→ Data excerpt:

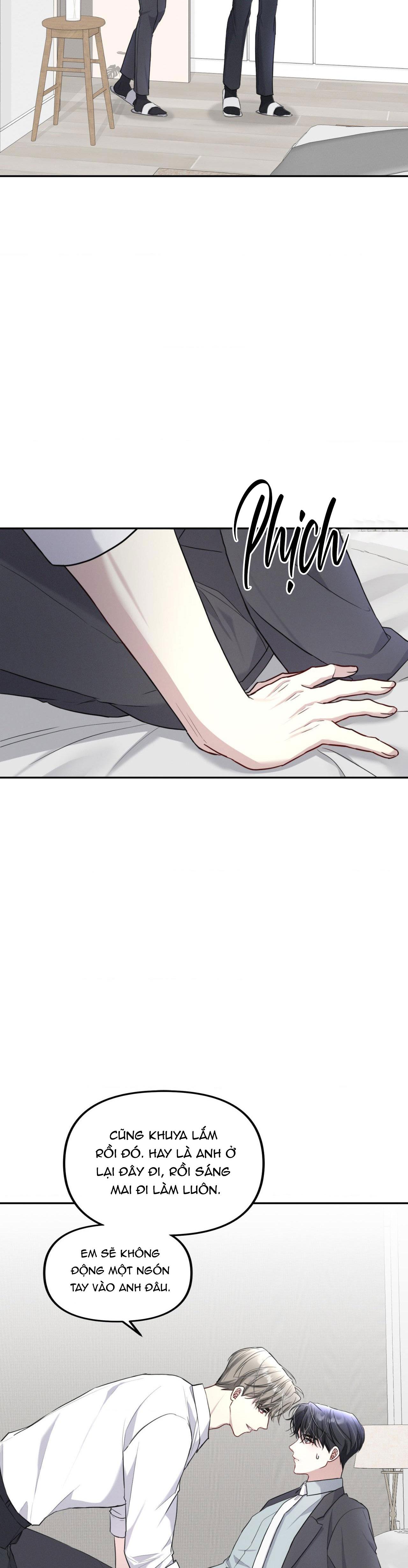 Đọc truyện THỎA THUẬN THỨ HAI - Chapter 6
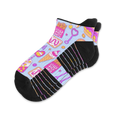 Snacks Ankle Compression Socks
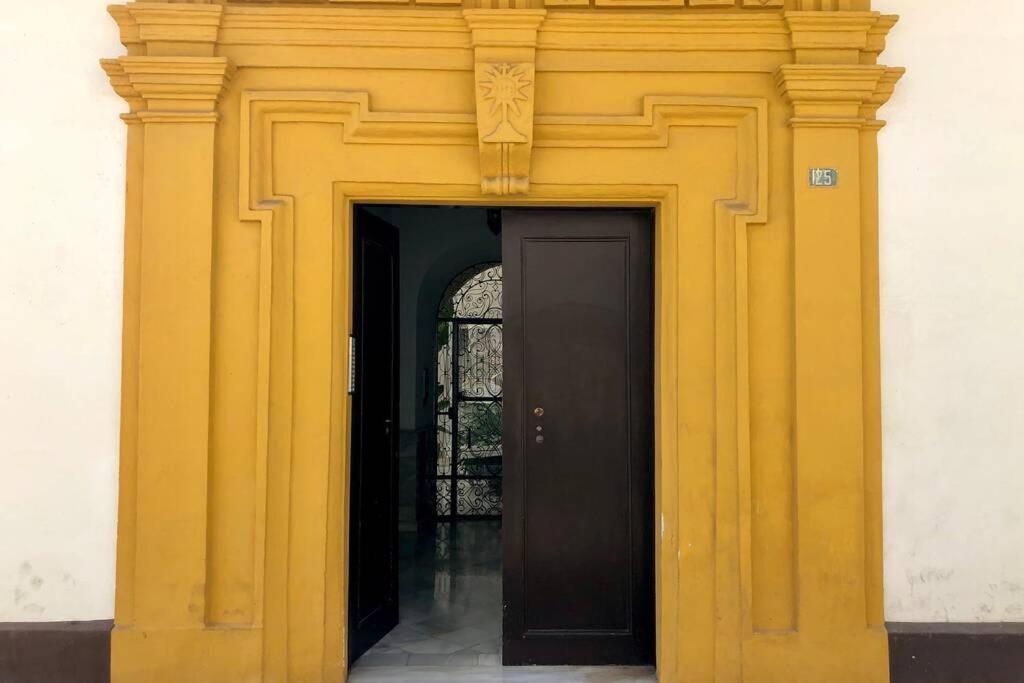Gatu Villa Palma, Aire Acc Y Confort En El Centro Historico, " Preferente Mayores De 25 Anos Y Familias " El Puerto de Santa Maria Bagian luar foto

→ Requirement: Every line above should be returned exactly; the pictures stay out.

→ Output for this exercise:
 Đọc truyện THỎA THUẬN THỨ HAI - Chapter 6
 Snacks Ankle Compression Socks
Gatu Villa Palma, Aire Acc Y Confort En El Centro Historico, " Preferente Mayores De 25 Anos Y Familias " El Puerto de Santa Maria Bagian luar foto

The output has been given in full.